Family Calls Police On A Man With History Of Violence Who Choked His Wife
- Travis Uresk
- Sep 10, 2024
- 7 min read
By Travis Uresk
9/10/24
| Uintah County | September 1st, 2024 |
Around 6:00 pm, Deputy Oldham was notified of a domestic violence that occurred earlier that day. He was advised that the complainant was a third party and family member of the victim.
Deputy Oldham spoke with the complainant, who stated the victim contacted her after she had gotten into a physical altercation with her husband, 38-year-old Matthew Scott Bennett.
When asked what exactly happened, it was explained that both the victim and Matthew drink, and when Matthew drinks alcohol, he beats her up.
The deputy arrived at the victim's residence and noticed Matthew, the victim, and the victim's friend. Matthew immediately entered the residence as Deputy Oldham drove by. The deputy called for another officer to assist, knowing he needed to separate the parties.
The deputy briefly spoke to the victim and asked where Matthew went. The victim stated that he went into the house to fold laundry. Deputy Oldham went to the door with the victim and called for Matthew to come outside.
Matthew began explaining that he and the victim get into verbal altercations all of the time, but nothing physical happened today.
While the deputy was speaking with Matthew, Deputy Anderton arrived and began speaking with Matthew while Deputy Oldham returned to the back of the home to continue interviewing the victim and her friend.
The victim was taken aside and asked what had taken place. She explained that nothing happened, that it was just an argument, and that it happens all the time. She also said that she was not in any danger with Matthew.
Deputy Oldham began to speak with the victim's friend, and she stated that approximately an hour ago, Matthew and the victim got into an argument, but Matthew had choked the victim.

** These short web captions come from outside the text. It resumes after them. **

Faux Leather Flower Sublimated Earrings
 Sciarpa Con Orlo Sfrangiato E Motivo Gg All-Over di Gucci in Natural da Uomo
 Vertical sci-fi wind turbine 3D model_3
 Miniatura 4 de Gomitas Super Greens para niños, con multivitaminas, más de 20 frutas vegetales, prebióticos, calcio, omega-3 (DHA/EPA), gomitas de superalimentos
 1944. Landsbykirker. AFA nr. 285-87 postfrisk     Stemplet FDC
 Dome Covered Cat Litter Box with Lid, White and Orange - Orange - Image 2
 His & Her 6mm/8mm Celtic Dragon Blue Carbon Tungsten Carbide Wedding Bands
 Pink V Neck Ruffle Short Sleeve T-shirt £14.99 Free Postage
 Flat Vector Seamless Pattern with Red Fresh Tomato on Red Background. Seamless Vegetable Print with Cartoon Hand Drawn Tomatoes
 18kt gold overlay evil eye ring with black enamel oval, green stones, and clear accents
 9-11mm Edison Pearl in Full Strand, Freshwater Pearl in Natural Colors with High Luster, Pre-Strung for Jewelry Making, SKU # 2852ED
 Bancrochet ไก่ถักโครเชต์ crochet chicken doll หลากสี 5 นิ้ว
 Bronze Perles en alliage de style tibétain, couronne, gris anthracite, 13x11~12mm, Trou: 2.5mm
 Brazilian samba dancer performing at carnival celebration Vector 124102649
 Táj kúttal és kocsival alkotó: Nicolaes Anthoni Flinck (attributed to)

The friend explained that the victim called her, expressing she wanted to go to the shelter.
Deputy Oldham returned to speak with the victim and told her she needed to be honest with him. She again said that nothing happened, and Matthew couldn’t go to jail because she didn’t have a way of making any money. The victim explained that she was tired of the way Matthew was treating her. When asked about that, she stated that she does all the cooking and cleaning, and Matthew doesn't help out at all.
This is when the arguments start because the victim will express her frustration about the situation to Matthew.
Deputy Oldham asked the question if he hit his wife. Matthew answered no. The deputy then asked if he had ever choked his wife, and Matthew then looked down and admitted to placing his wife in a chokehold. When asked what kind of hold, Matthew didn't say anything but made the motion of wrapping his left arm around an invisible object, then taking his right arm and going behind the invisible object, similar to what is called a rear naked choke.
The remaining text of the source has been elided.